* TRY IT
Quote, exactly, the line holding "区块链电子项目是什么行" and all lines after it to the end of the records below. Exclude pictures.

○ ○ ○ ○ ○ ○ ○

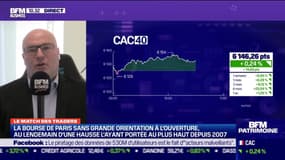 Le Match des traders : Jean-Louis Cussac vs Stéphane Ceaux-Dutheil - 07/04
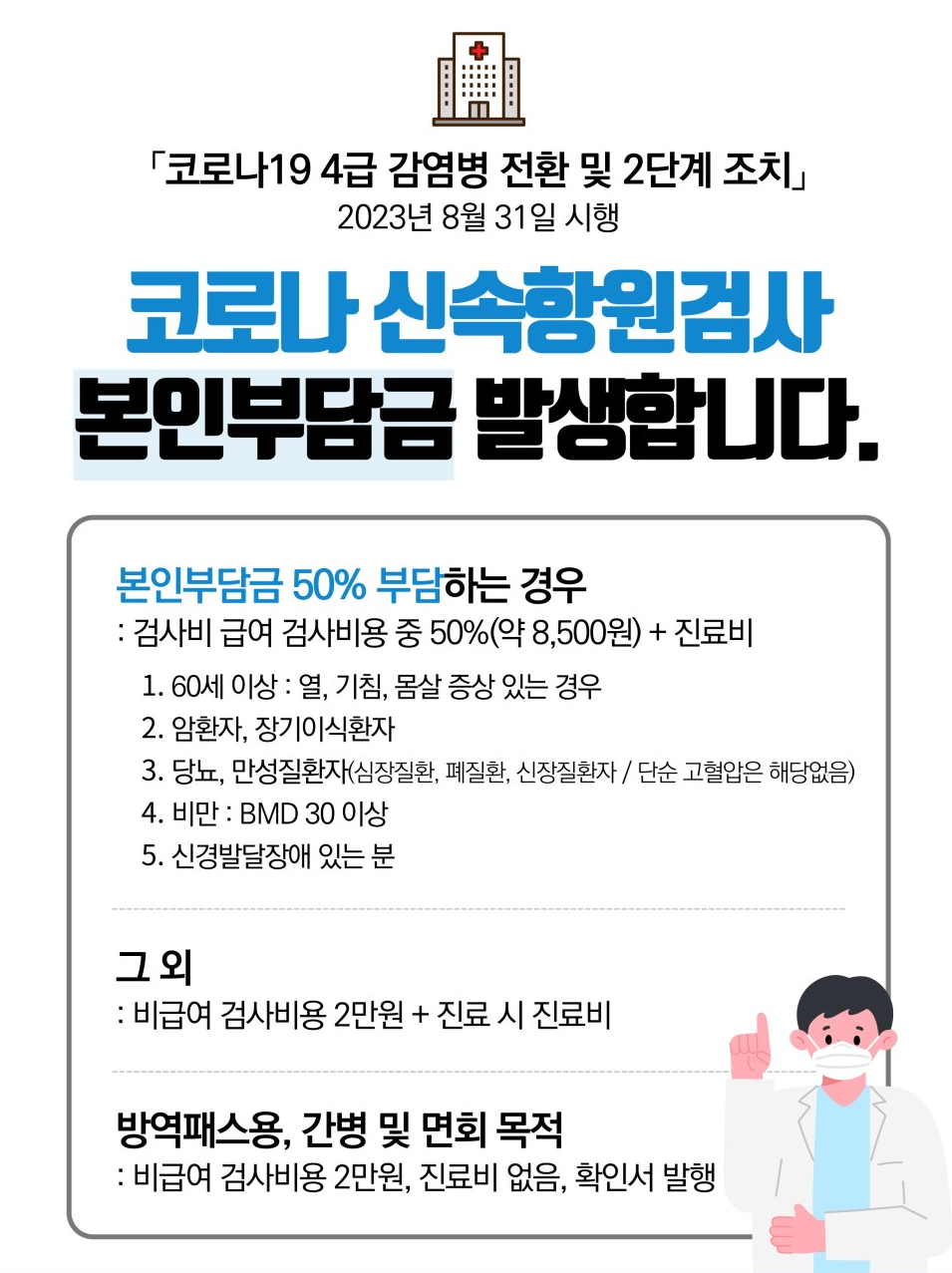 코로나 4급 전환 등급하향 유급휴가 증세 일상회복 지원금X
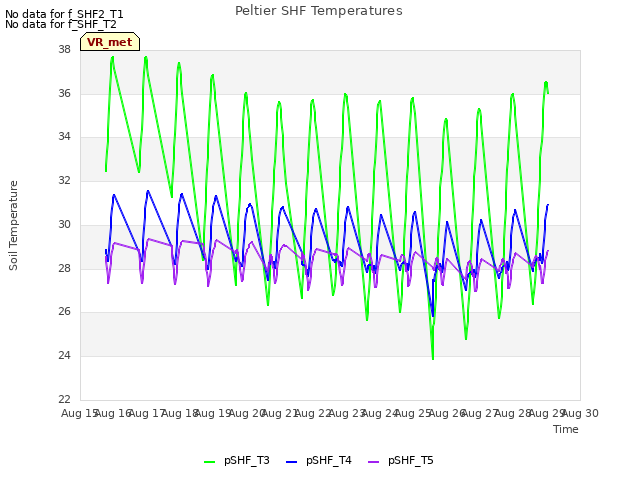 plot of Peltier SHF Temperatures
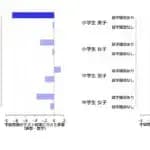 インフルエンザによる学級閉鎖が低所得世帯の学力に影響　早稲田大学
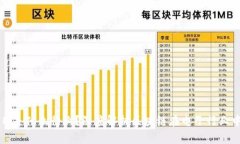 区块链电子项目是什么行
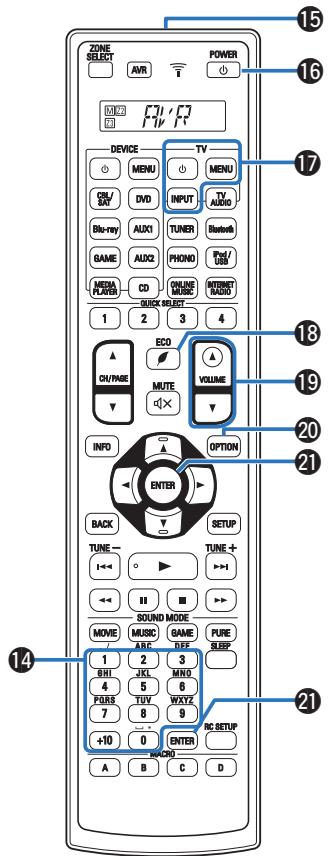 DENON AVRX7200WA - Touches sélection de source d'entrée - 2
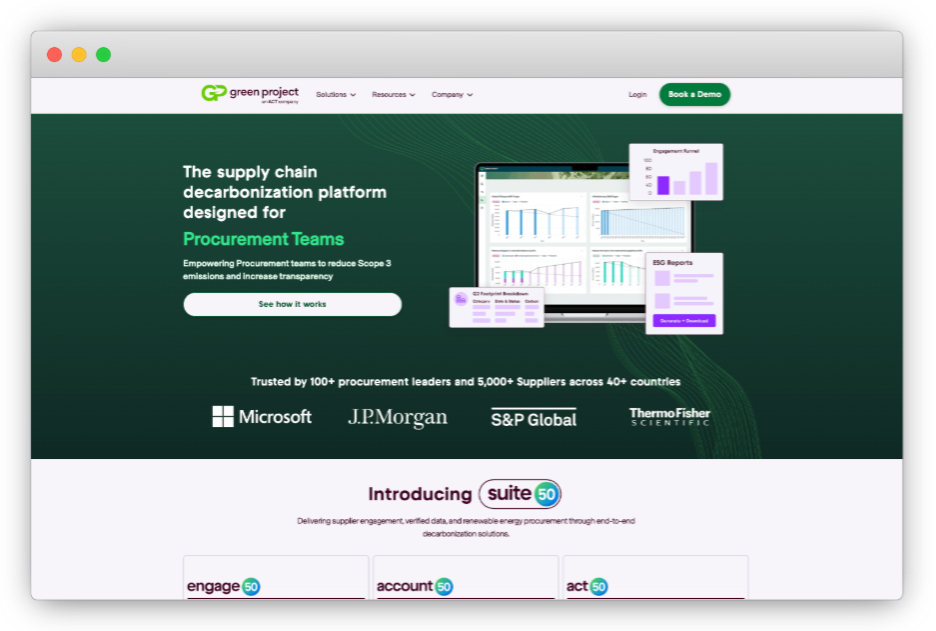 Green Project is shown as part of an assessment of top carbon accounting platforms in APAC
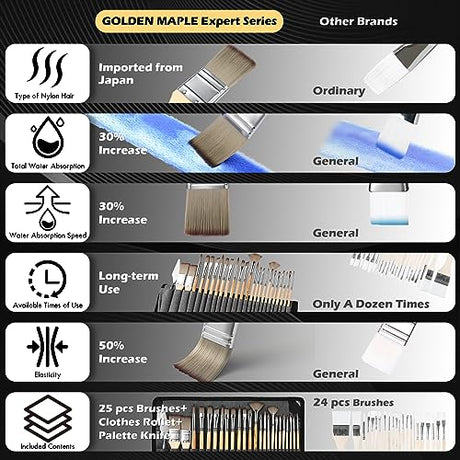 Acrylic Paint Brush Set, Golden Maple 25 PCS Paint Brushes for Acrylic Painting Oil Watercolor & Canvas,Enhanced Synthetic Brush Set with Cloth Roll golden maple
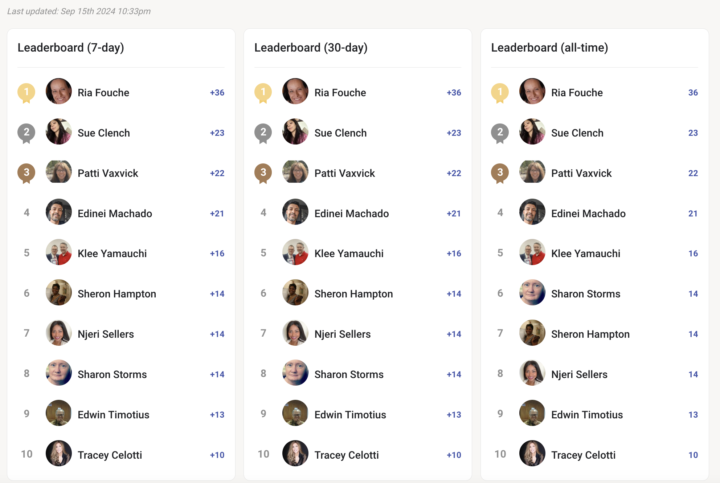 🚀 4 Days in... and Look Who’s Dominating the Leaderboard Already! 🚀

○ ○ ○ ○ ○ ○ ○

* PROBLEM SOLUTION
 区块链电子项目是什么行
 DENON AVRX7200WA - Touches sélection de source d'entrée - 2
 Green Project is shown as part of an assessment of top carbon accounting platforms in APAC
 Acrylic Paint Brush Set, Golden Maple 25 PCS Paint Brushes for Acrylic Painting Oil Watercolor & Canvas,Enhanced Synthetic Brush Set with Cloth Roll golden maple
 🚀 4 Days in... and Look Who’s Dominating the Leaderboard Already! 🚀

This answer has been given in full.